◆ **Excerpts from a dataset**:
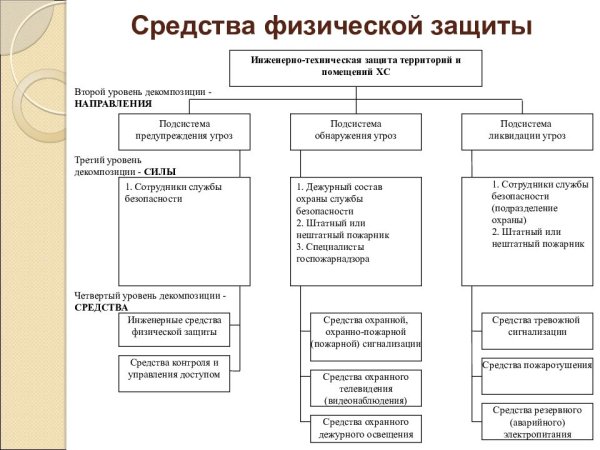 Виды технических разведок противника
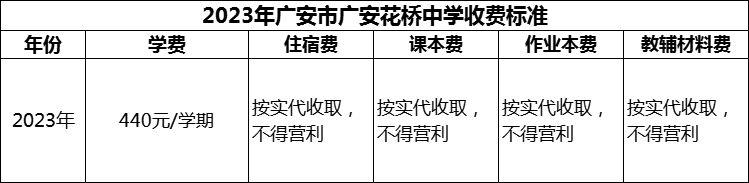 2024年廣安市廣安花橋中學(xué)學(xué)費(fèi)多少錢？
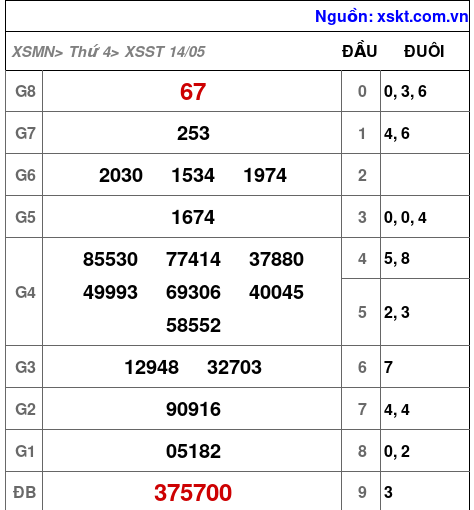 Kết quả XSST ngày 14-5-2025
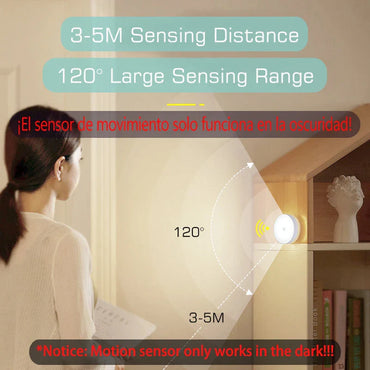 Motion Sensor LED Night Light USB Rechargeable — Motion-Activated Nightlight for Kitchen, Bedroom, Stairs, Closet, Hallway, Wardrobe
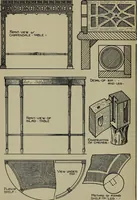 An illustration from Modern cabinetwork, furniture & fitments; an account of the theory & practice in the production of all kinds of cabinetwork & furniture, with chapters on the growth and progress of design and construction; (1910)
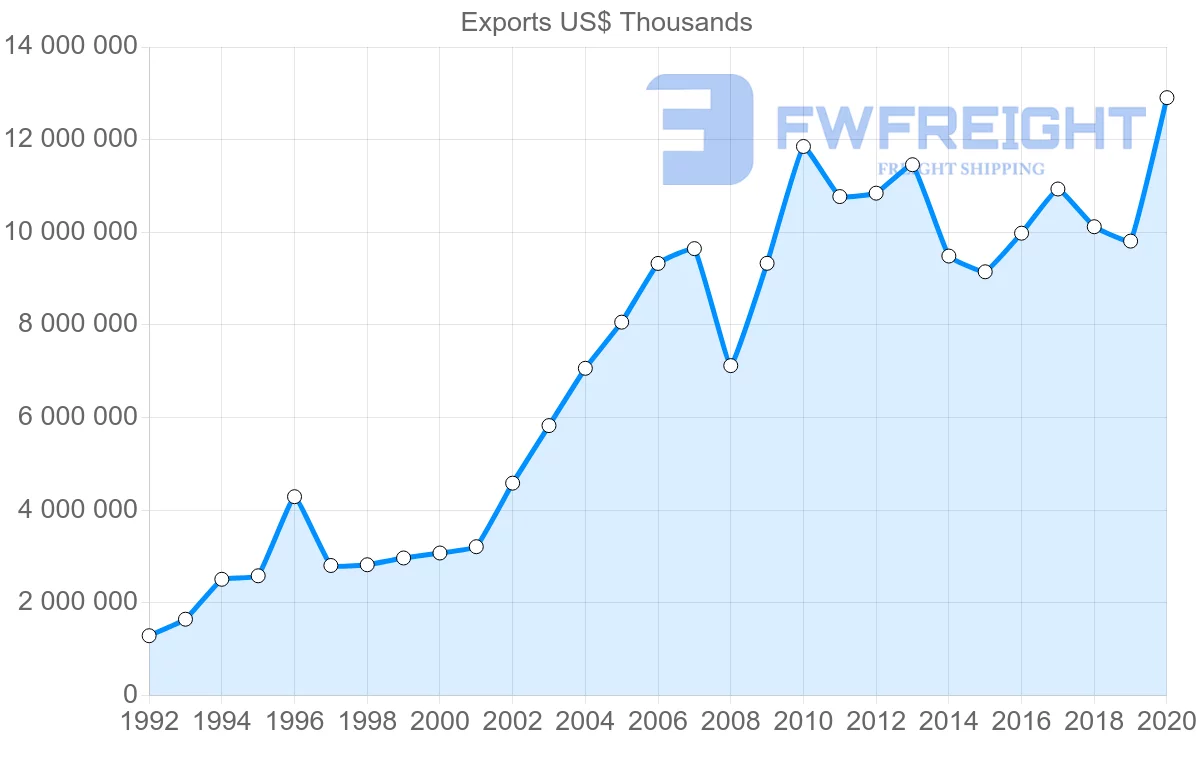 Shipping company from Netherlands to Finland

◆ **WORK TO COMPLETE**:
Lines from the one that contains "Motion Sensor LED" through the last line of the data above are to be extracted exactly, with no pictures and no other lines.

◆ **RESPONSE FOR THIS EXERCISE**:
 Motion Sensor LED Night Light USB Rechargeable — Motion-Activated Nightlight for Kitchen, Bedroom, Stairs, Closet, Hallway, Wardrobe
 An illustration from Modern cabinetwork, furniture & fitments; an account of the theory & practice in the production of all kinds of cabinetwork & furniture, with chapters on the growth and progress of design and construction; (1910)
 Shipping company from Netherlands to Finland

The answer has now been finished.